Search each line of the data for the word "Head"; copy every line where it is found.

#### Raw data

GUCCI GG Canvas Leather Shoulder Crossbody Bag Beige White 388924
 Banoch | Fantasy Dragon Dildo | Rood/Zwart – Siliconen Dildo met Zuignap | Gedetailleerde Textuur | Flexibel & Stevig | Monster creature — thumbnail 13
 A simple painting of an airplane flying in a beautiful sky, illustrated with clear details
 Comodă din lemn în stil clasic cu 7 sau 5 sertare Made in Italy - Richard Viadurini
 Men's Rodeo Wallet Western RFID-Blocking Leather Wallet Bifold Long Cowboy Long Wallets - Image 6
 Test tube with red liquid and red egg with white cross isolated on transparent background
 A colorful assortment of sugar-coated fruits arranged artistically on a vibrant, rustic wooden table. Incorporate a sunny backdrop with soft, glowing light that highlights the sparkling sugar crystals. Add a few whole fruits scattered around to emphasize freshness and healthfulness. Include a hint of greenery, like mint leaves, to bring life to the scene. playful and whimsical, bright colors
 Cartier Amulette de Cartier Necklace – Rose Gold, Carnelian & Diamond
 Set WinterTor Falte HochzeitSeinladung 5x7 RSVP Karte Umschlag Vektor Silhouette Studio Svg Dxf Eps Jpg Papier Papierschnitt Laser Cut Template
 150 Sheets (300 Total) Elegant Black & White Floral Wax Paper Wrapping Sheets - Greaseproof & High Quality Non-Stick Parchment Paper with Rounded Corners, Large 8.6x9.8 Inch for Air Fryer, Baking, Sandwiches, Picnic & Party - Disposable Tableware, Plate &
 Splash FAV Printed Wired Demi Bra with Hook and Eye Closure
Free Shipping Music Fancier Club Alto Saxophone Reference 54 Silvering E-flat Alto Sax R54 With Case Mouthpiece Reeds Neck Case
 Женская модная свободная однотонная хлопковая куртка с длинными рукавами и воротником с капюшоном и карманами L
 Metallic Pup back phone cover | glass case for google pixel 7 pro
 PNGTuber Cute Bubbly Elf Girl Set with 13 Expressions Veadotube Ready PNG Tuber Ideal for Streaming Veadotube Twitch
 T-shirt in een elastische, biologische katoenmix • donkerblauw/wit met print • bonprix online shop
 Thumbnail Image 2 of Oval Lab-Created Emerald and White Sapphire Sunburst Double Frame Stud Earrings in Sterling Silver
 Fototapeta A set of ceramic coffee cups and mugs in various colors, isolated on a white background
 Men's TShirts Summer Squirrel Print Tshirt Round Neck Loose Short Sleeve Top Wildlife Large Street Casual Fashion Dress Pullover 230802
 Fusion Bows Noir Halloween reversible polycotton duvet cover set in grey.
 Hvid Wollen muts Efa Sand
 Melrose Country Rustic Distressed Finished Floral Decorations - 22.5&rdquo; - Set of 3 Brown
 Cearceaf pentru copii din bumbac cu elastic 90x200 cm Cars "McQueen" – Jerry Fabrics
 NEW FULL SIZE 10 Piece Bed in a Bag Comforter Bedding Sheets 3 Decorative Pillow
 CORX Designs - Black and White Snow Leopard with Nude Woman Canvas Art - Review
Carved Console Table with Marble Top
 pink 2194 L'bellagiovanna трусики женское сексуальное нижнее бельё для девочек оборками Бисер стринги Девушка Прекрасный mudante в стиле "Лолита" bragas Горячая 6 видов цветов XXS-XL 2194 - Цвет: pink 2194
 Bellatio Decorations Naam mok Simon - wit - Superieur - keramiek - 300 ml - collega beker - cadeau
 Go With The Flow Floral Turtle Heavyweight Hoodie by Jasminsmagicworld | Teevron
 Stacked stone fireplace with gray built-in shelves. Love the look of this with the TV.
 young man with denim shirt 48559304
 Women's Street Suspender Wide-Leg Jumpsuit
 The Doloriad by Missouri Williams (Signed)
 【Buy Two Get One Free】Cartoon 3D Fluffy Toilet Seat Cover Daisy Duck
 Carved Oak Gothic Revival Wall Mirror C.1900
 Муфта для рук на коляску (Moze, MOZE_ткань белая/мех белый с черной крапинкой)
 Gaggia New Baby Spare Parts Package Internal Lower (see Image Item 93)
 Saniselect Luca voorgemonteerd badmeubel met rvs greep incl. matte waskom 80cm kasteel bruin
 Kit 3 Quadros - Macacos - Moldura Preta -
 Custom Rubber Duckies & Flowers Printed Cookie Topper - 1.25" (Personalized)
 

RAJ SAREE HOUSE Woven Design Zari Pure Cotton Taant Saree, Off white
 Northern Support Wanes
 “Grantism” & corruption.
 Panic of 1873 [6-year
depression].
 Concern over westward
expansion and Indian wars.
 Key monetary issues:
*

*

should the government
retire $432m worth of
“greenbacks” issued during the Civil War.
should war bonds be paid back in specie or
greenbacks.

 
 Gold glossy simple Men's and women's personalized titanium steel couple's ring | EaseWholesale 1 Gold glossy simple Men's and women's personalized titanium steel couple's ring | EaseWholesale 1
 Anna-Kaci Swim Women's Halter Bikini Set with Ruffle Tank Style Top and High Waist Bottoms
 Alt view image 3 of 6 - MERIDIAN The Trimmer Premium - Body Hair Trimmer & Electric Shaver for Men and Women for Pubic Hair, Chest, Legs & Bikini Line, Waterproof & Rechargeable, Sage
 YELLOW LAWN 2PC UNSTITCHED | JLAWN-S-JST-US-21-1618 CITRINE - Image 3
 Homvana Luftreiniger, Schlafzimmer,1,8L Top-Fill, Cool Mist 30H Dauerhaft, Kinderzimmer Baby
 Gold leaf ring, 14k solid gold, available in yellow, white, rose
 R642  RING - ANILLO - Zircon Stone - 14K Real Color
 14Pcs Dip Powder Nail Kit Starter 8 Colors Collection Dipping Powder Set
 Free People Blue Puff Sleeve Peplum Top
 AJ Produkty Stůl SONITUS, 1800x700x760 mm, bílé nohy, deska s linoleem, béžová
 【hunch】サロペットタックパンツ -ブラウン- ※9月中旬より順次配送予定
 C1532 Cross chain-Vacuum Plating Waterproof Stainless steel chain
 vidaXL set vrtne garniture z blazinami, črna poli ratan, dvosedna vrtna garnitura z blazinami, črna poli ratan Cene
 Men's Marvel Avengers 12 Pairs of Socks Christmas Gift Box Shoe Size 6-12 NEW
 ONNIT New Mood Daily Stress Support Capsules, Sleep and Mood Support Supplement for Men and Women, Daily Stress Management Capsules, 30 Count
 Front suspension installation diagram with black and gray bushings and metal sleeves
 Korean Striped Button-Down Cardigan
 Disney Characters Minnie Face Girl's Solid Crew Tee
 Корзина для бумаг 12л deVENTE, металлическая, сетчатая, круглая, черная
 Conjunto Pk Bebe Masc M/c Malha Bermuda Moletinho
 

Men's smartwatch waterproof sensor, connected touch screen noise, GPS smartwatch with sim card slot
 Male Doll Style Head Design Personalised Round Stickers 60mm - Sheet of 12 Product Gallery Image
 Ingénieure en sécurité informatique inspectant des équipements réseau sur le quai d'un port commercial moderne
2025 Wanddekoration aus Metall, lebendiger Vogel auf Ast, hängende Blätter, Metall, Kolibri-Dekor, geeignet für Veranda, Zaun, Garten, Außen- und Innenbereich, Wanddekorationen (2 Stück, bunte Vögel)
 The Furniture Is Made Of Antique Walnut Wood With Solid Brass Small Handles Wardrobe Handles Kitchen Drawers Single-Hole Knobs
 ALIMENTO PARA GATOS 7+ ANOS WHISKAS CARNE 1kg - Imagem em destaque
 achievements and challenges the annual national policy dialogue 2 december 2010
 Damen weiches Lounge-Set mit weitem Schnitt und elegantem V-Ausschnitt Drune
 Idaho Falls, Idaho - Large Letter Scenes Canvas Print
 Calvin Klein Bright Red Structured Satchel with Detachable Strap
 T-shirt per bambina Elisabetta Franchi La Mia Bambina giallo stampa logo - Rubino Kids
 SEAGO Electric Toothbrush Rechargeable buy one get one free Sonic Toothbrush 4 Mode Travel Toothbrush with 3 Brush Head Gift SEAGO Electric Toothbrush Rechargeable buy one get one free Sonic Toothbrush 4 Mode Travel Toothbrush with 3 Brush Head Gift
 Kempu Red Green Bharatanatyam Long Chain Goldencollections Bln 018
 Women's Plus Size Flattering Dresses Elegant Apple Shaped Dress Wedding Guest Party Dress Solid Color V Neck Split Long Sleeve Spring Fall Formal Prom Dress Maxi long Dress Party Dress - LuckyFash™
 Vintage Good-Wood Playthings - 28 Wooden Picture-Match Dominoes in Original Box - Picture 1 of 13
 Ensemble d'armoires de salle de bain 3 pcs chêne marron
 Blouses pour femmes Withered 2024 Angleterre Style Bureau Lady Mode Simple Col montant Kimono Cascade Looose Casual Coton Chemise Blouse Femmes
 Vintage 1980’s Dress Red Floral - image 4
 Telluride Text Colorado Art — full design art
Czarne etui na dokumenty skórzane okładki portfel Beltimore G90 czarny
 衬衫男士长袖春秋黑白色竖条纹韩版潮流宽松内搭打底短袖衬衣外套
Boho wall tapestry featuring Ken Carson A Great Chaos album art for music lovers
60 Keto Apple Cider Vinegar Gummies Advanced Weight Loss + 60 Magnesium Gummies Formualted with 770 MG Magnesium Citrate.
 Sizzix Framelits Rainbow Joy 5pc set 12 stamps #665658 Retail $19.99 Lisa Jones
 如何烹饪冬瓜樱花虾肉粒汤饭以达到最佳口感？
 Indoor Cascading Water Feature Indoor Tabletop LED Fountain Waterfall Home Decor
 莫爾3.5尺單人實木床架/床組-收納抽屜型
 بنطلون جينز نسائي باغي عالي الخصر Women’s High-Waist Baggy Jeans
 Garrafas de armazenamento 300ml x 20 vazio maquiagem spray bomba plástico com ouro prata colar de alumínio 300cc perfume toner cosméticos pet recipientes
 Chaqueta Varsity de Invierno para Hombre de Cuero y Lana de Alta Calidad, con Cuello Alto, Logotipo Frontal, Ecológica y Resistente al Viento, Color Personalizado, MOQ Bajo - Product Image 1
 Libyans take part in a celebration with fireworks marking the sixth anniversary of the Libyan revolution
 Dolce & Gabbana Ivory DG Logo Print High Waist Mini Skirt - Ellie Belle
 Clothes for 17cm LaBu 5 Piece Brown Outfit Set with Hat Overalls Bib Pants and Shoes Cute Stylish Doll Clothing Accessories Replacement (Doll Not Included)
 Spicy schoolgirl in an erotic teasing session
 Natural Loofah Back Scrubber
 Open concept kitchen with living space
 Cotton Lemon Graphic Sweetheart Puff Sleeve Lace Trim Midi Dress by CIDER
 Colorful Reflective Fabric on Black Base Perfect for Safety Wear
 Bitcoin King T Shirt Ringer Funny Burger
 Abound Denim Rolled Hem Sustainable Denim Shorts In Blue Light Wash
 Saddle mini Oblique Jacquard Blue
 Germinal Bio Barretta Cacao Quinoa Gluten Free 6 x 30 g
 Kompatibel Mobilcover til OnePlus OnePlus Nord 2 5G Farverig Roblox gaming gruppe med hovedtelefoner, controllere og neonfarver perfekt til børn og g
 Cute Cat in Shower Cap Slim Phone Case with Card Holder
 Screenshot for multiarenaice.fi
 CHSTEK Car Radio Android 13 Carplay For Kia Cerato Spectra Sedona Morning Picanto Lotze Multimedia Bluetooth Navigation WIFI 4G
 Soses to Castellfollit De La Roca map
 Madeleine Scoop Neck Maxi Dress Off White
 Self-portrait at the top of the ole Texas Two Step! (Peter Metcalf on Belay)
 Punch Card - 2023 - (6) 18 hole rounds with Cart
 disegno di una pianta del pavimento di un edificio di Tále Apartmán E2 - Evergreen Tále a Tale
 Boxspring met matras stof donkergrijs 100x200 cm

########

--- Solution to this exercise ---
 Male Doll Style Head Design Personalised Round Stickers 60mm - Sheet of 12 Product Gallery Image
 SEAGO Electric Toothbrush Rechargeable buy one get one free Sonic Toothbrush 4 Mode Travel Toothbrush with 3 Brush Head Gift SEAGO Electric Toothbrush Rechargeable buy one get one free Sonic Toothbrush 4 Mode Travel Toothbrush with 3 Brush Head Gift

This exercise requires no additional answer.